Erectile dysfunction ED is a common complaint in hypertensive men and can represent a systemic vascular disease, an adverse effect of antihypertensive medication or a frequent concern that may impair drug compliance. ED has been considered an early marker of cardiovascular disease. The connection between both conditions seems to be located in the endothelium, which may become unable to generate the necessary dilatation in penile vascular Pharmacology chapter 44 antihypertensives and sexual dysfunction in response to sexual excitement, producing persistent impairment in erection.
On the other hand, the real influence of antihypertensive drugs in erectile function Pharmacology chapter 44 antihypertensives and sexual dysfunction deserves discussion. Therefore, regardless of ED mechanism in hypertension, early diagnosis and correct approach of sexual life represent an important step of cardiovascular evaluation which certainly contributes for a better choice of hypertension treatment, preventing some complications and restoring the quality of life.

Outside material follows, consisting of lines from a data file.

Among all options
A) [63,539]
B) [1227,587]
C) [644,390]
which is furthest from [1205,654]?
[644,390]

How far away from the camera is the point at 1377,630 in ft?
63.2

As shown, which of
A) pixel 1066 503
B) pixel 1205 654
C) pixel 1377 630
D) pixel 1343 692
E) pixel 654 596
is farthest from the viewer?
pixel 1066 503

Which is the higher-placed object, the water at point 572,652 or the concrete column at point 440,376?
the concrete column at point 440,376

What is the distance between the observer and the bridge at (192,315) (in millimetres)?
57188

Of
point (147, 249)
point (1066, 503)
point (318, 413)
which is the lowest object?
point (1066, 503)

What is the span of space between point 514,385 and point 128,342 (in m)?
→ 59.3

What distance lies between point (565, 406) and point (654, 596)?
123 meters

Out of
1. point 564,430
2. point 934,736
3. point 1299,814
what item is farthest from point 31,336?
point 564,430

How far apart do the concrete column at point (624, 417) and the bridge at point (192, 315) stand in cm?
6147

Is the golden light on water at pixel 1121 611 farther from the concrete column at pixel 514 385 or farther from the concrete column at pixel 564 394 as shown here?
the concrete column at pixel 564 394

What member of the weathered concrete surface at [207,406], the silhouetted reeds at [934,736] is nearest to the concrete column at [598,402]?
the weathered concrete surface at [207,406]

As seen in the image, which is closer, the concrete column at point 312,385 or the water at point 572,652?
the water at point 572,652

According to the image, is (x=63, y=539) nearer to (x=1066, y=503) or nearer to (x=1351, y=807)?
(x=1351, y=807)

Erectile dysfunction ED has been defined according to National Institute Health from as the persistent inability to reach or maintain and penile rigidity enough for Pharmacology chapter 44 antihypertensives and sexual dysfunction satisfaction [ 1 ].

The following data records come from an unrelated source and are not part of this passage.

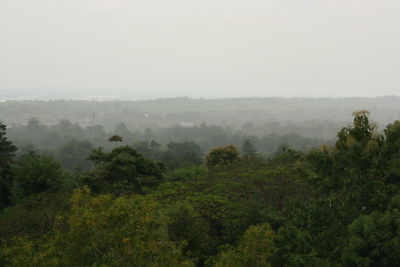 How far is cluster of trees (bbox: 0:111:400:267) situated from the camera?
8812 mm

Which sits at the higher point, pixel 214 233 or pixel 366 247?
pixel 366 247

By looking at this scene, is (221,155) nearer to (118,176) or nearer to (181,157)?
(118,176)

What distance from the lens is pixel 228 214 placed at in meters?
15.0

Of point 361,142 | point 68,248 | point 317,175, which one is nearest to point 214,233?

ED has a high prevalence around the world and a huge impact on quality of life of men and their partners [ 2 Pharmacology chapter 44 antihypertensives and sexual dysfunction. With the increment of life expectation and aging of population, ED burden is supposed to increase in the upcoming Pharmacology chapter 44 antihypertensives and sexual dysfunction [ 3 ]. Actually, vasculogenic ED is considered part of a systemic vasculopathy and has a known relation with cardiovascular risk factors such as hypertension, diabetes, dyslipidemia, and smoking.

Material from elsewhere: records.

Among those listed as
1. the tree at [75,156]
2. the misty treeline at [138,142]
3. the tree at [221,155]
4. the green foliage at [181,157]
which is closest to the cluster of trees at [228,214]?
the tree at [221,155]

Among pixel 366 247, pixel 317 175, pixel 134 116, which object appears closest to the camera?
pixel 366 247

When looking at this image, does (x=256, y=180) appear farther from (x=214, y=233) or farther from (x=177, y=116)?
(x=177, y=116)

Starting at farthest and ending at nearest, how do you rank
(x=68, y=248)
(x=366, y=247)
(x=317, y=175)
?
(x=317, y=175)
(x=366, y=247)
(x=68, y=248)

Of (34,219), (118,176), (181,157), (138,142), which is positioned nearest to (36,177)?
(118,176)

ED has been considered an early marker of cardiovascular risk that could precede traditional clinical manifestations of atherosclerosis, indicating the presence of vascular disease.
In addition, Pharmacology chapter 44 antihypertensives and sexual dysfunction could alert clinicians to the presence of unknown risk factors and an increased cardiovascular risk. Thus, ED could offer the opportunity to implement adequate therapeutic efforts to minimize the burden of major cardiovascular disease such as myocardium infarction and stroke [ 4 ].
Pharmacology chapter 44 antihypertensives and sexual dysfunction ED is highly prevalent and deeply impacts overall health of sexually active men, sexual function should be part of anamneses in all hypertensive subjects, especially those over 50 years.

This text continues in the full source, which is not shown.